Binary Data in XML

Tyler Baker tyler at infinet.com
Wed Sep 30 18:46:36 BST 1998


Tim Bray wrote:

> Suppose I wrote up a NOTE, should occupy less than one page, proposing
> a reserved attribute xml:packed with, for the moment, only two
> allowed values, "none" and "base64".  The default value is "none".
> If an element has xml:packed="base64" this means that
>
> (a) the content of the element to which this is attached must be
>     pure #PCDATA, no child elements and no references, and
> (b) the content is encoded in base64, leading and trailing spaces allowed

Why would the content have to have no child elements or references?  I can see
how this constraint would make things simpler for the parser and avoid some of
the obvious confusion with mixed content models.

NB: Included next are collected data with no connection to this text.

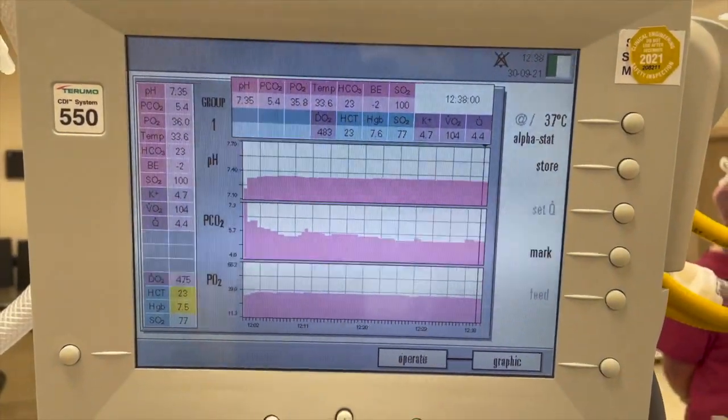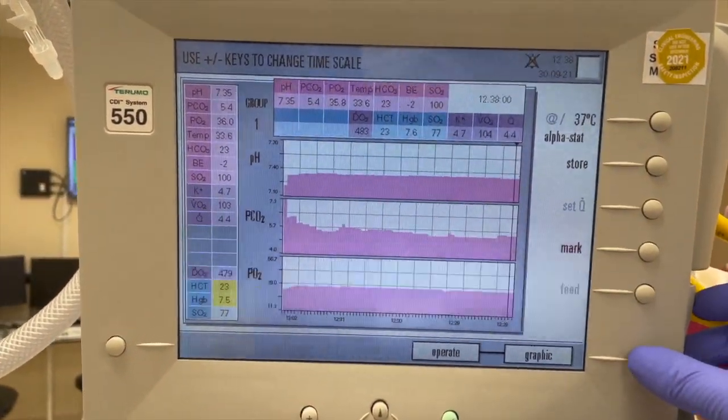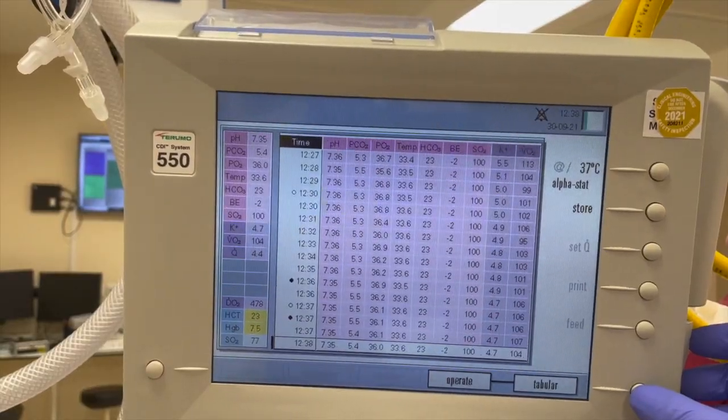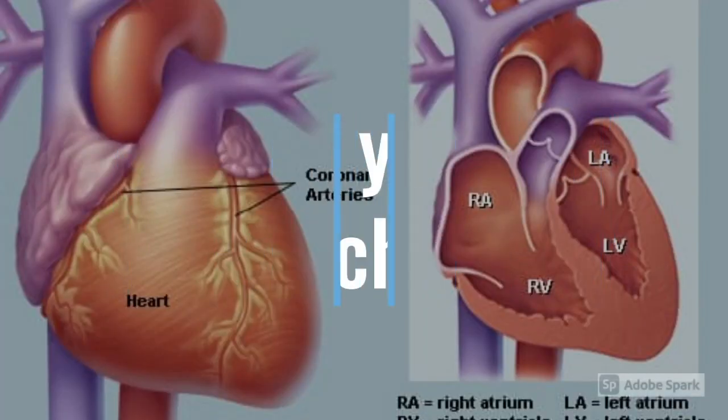You can choose to display the patient's blood gas parameter values in a digital or graphical format. This will enable you to see changes in the patient's blood gas parameters at a glance, as well as changes in the patient's body glucose levels.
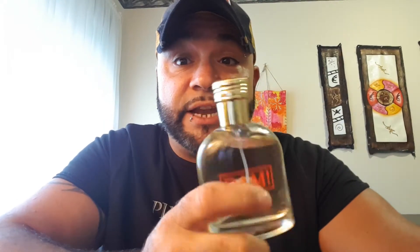Let's get into longevity and stuff. Typical Preferred: about three hours longevity, 45 minutes to an hour of projection — very typical. No compliments on this one, but I haven't actually worn it out of the house. I just got it today after work about four hours ago, and the wife's not home.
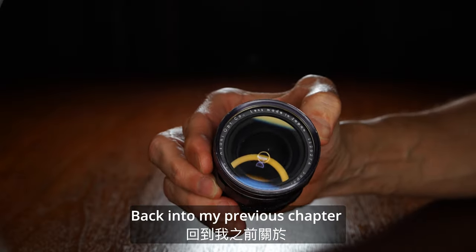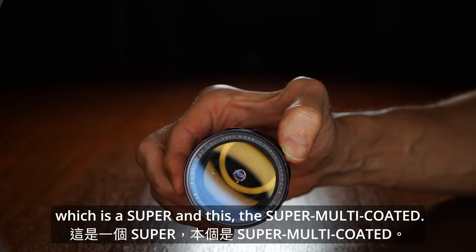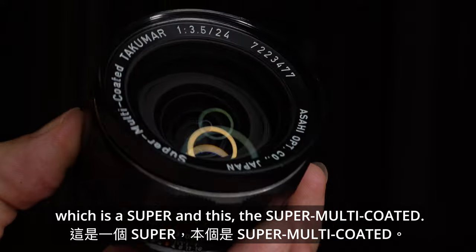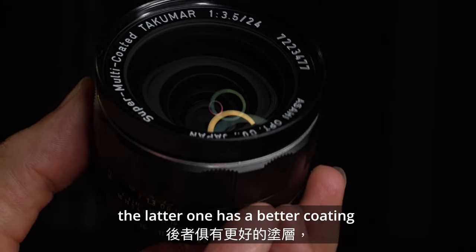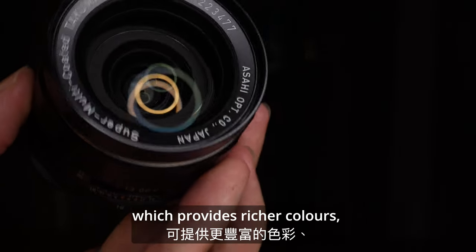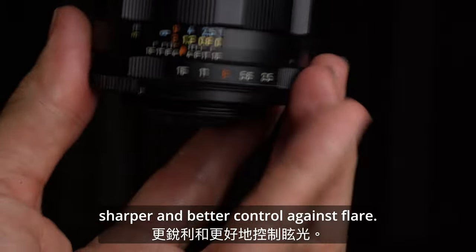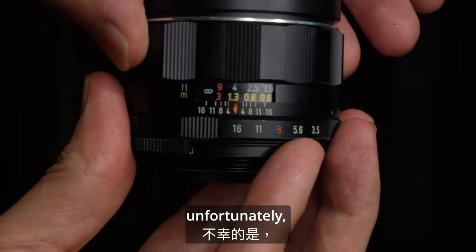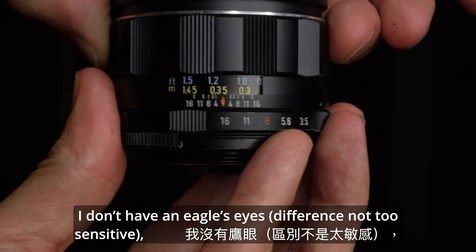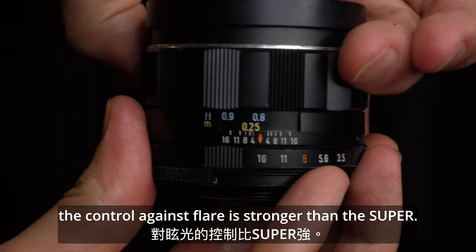Going back to my previous chapter on the Super Takuma 28, the difference between the Super and the Super Multicoated sits on the coatings. The later one has a better coating which provides richer color, sharper results, and better control against flare. The comparison was made between the two, and while I don't have eagle's eyes, the control against flare is noticeably stronger on the Super Multicoated.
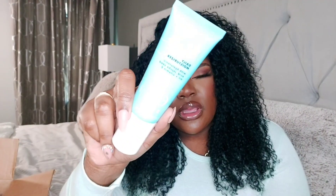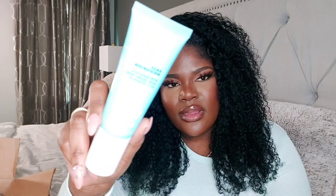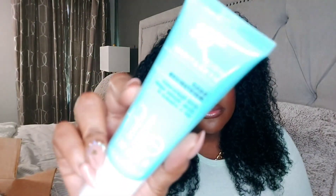We're back to e.l.f. — this is their Holy Hydration Daily Moisturizer. I've had this before but the packaging is different, it's their newer packaging. It has hyaluronic acid, jojoba seed oil, and vitamin E. There's no sunscreen in this one. It's very moisturizing, very simple, and lightweight. I have oily skin so it isn't overly hydrating — it's not doing too much — and that's what I like. It works for my skin and I love the new packaging, it's so cute.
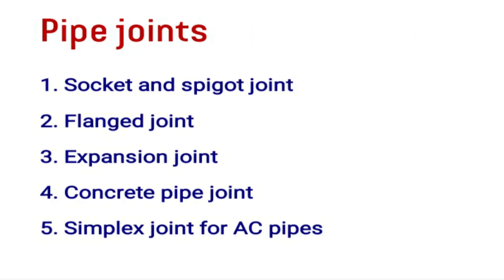What are the different pipe joints available? Socket and spigot joint, flanged joint, expansion joint, concrete pipe joint, and simplex joint for AC pipes — these are the pipe joints available to us.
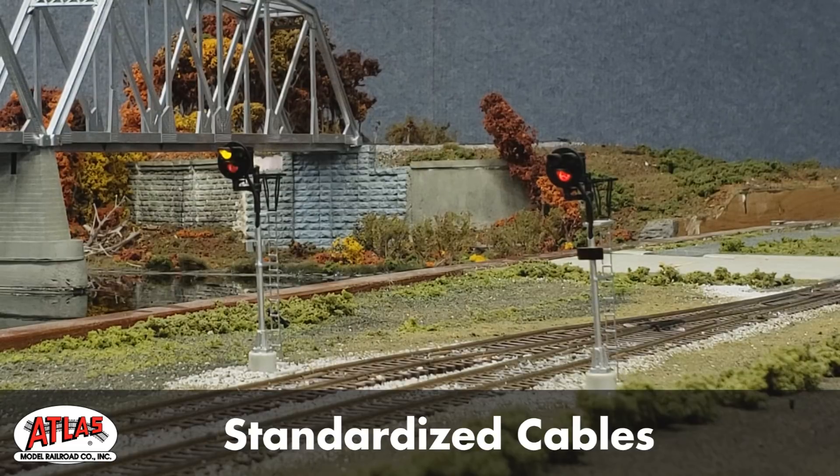This new signal control system replicates ABS, also known as automatic block signals — a common operating mode in which a rail line is divided into sections called blocks, and a signal governs the movement into each block using a green, yellow, or red light.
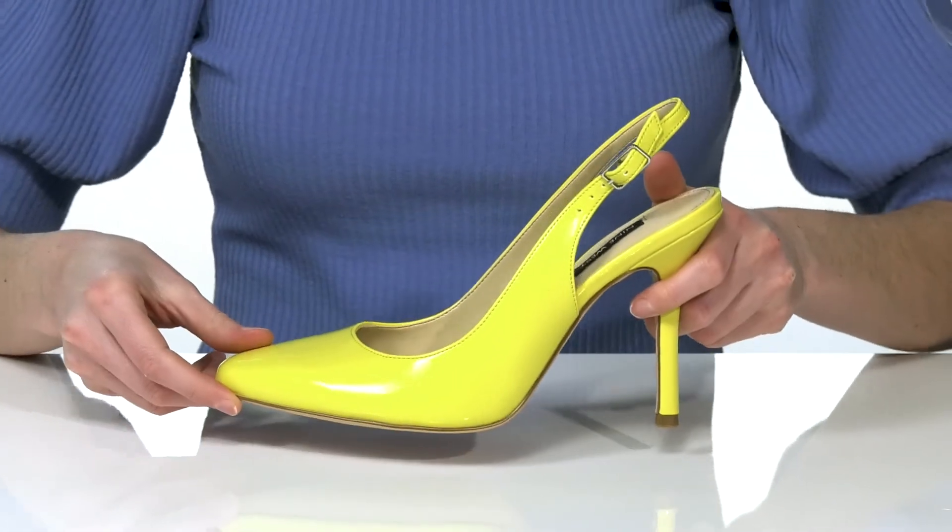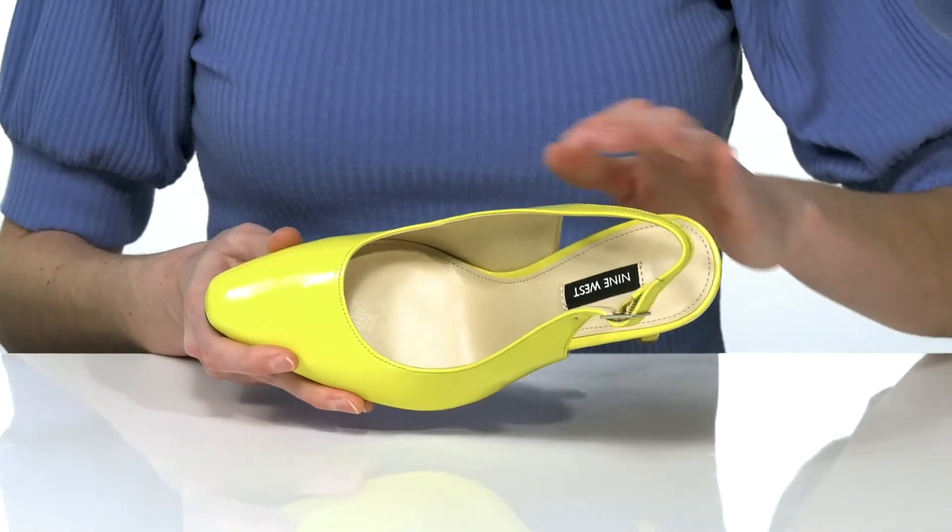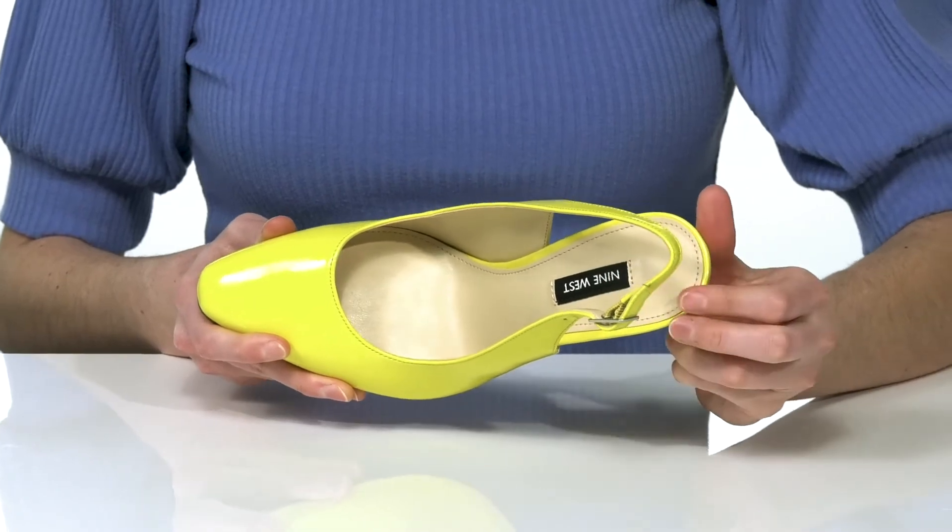The outsole is textured for traction, and inside they have a smooth lining and padded footbed.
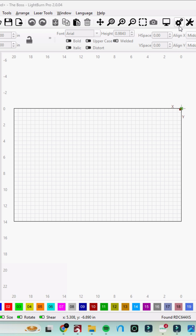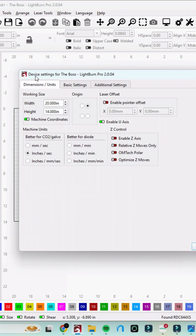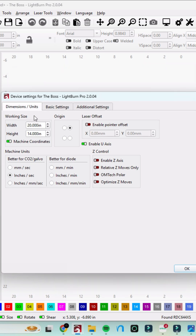I'm going to go to the wrench and screwdriver icon — that's going to give me my device settings. The Boss is the name of my laser, and as you can see, our working size is 20 by 14. This is where I'm going to want to change this.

> This obviously couldn't retroactively become part of XML 1.0, but
> if it went through a process and became a W3C recommendation, I bet
> every parser author in the world would support it in about 15 minutes.
>
> Base64 (a 4-for-3 encoding) wastes 33%, so I thought about perhaps
> inventing Base128 (8-for-7) or maybe even a higher level to cut down
> wasteage, but Base64 has the advantage that it avoids UTF8/ISO-8859
> confusion and I bet Mr. LZW will eat that 33% anyhow...

Something I still wonder about is whether UNISYS is still playing patent rights
games with LZW.

> I also thought about xml:encoding=, but that conflicts with
> encoding= in the XML declaration in a confusing way.

You could have something like xml:type="base64" which opens the door for more
efficient processing by the XML parser for data primitives before presenting them
to the application.  So you could have something like:

xml:type="int".  It would be up to the parser to marshal the data in big-endian,
little-endian or whatever format the host operating system uses.  Right now, most
parsers and parser interfaces provide attribute values and character content only
in String form.  If Mathematica were to do anything useful with XML and a Java
interface (with a lower-level native kernel of course) it would first have to
parse the data as a String.  This is inefficient as Mathematica would only care
to have the data as a number in the first place.  If the character content cannot
be parsed into a number, throw an exception or return an error code.